Appellant contends that her conviction was based upon a transfer to her of the intent of third party
[ 69 Pa. Commw. Page 82]
manufacturers that their items be used with illegal drugs and that such a transfer violates due process. Appellant, however, has misconstrued the Ordinance. The trial court did not "transfer" intent from manufacturers to the Appellant; rather, she was convicted for selling or offering to sell drug paraphernalia "knowing" it would be used with prohibited controlled substances. This "knowing" requirement is Appellant's own intent, not a transferred one. While it is true that design characteristics and the advertising accompanying many of the items were considered by the trial court in ascertaining whether Appellant "knew" the paraphernalia would be used with illegal drugs, this was simply the proper use of circumstantial evidence to ascertain intent. See Commonwealth v. McConnell, 292 Pa. Superior Ct. 160, 162, 436 A.2d 1201, 1202 (1981).*fn12
Trial Counsel Ineffectiveness
Appellants' final contention is that her trial counsel was ineffective as a matter of law for failing to preserve for appeal the issue of whether the Ordinance is overbroad, that is, whether freedom of speech is unconstitutionally impinged upon.
"A claim of ineffective assistance of trial counsel is properly raised by an appellant at the earliest stage in the proceeding at which counsel whose effectiveness is challenged is no longer representing him." Commonwealth v. Upsher, Pa. , , 444 A.2d 90, 92 n. 3 (1982). Therefore this claim of ineffective assistance is proper before this Court where present counsel differs from Appellant's trial counsel.*fn13
[ 69 Pa. Commw. Page 83]
A two step process is used to evaluate the effectiveness of counsel. First, this Court must determine whether the issue underlying the claim of ineffectiveness is of arguable merit. If the underlying issue is of arguable merit, then we must determine whether counsel's decision not to raise the issue had some reasonable basis designed to effectuate his client's interests. E.g., Commonwealth v. Burton, 491 Pa. 13, 18, 417 A.2d 611, 613 (1980); Commonwealth v. Hubbard, 472 Pa. 259, 278, 372 A.2d 687, 696 (1977).

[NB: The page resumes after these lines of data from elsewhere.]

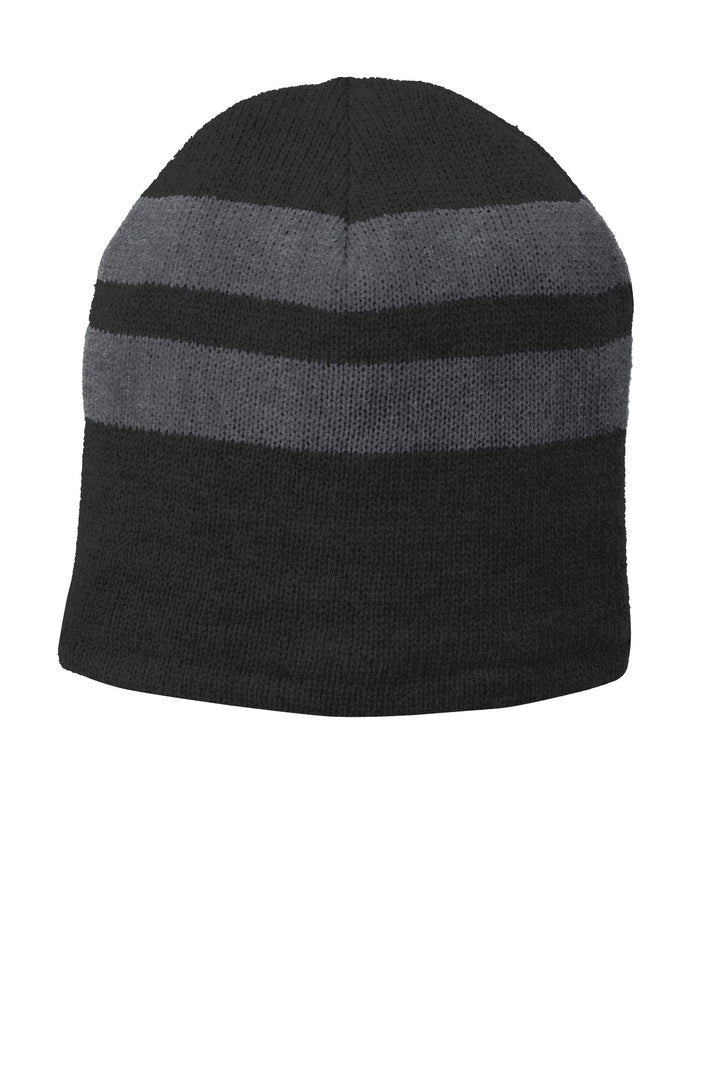 Port & Company Fleece-Lined Striped Beanie Cap Port & Company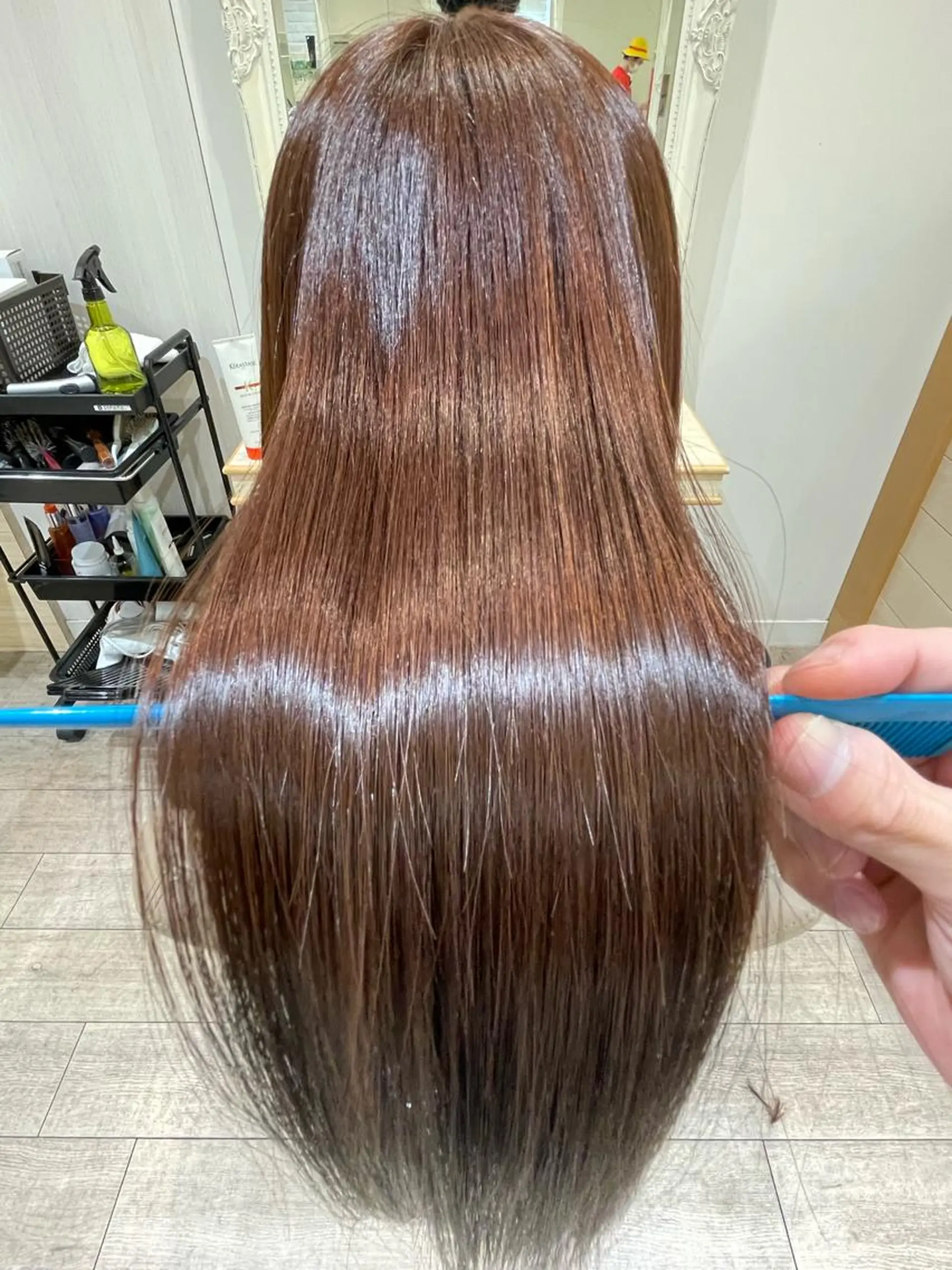 ロング パーマ カット Ash本八幡 🩵ྀི菊地のヘアスタイル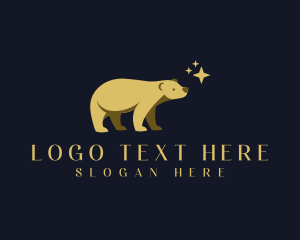 Bear - Magical Star Bear logo design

Appellant has made two arguments in asserting that this statute is overbroad. First, she contends that a marijuana leaf design on various items was used to prove certain items were drug paraphernalia. Appellant agrues that persons may wish to buy such items for their symbolic expression of a desire to reform marijuana laws. Appellant's second contention is that advertising in the magazine High Times was used as evidence of whether an item was drug paraphernalia, and that as a result there was a "chilling effect" on the desire of retailers to carry the magazine since its advertising could result in a finding that other items which they carry would be labeled as drug paraphernalia.
High Times, or for that matter any other publication, is not barred by the Ordinance, however. Literature is not regulated; therefore, the Ordinance does not directly infringe noncommercial speech. Flip-side, U.S. at , 102 S.Ct. at 1192. Further "[a]lthough drug-related designs or names on cigarette papers may subject those items to regulation, [this] does not restrict speech as such, but simply regulates the commercial marketing of items that the labels reveal may be used for an illicit purpose." Id. Quite obviously, the presence of a drug related design on an object does not make it drug paraphernalia per se under Ordinance
[ 69 Pa. Commw. Page 841980]
-5, so there can be no fear that true symbolic speech is banned by the Ordinance.*fn14
Concerning the "chilling effect" on the distribution of High Times, it is quite clear from our prior description of the elements of Ordinance 1980-5 that the only retailers who must be concerned about the advertising in that magazine are those retailers who offer for sale items "knowing" that they will be used for illicit drugs. It is only they who run the risk that such items will be declared drug paraphernalia. Other retailers obviously have no reason to fear prosecution and should not be inhibited in any way by the Ordinance from selling High Times.*fn15
Therefore, we do not believe that Appellant was ineffectively represented by counsel since the asserted issue is without arguable merit.
The order of the Court of Common Pleas of Bucks County, dated March 10, 1981, is hereby affirmed.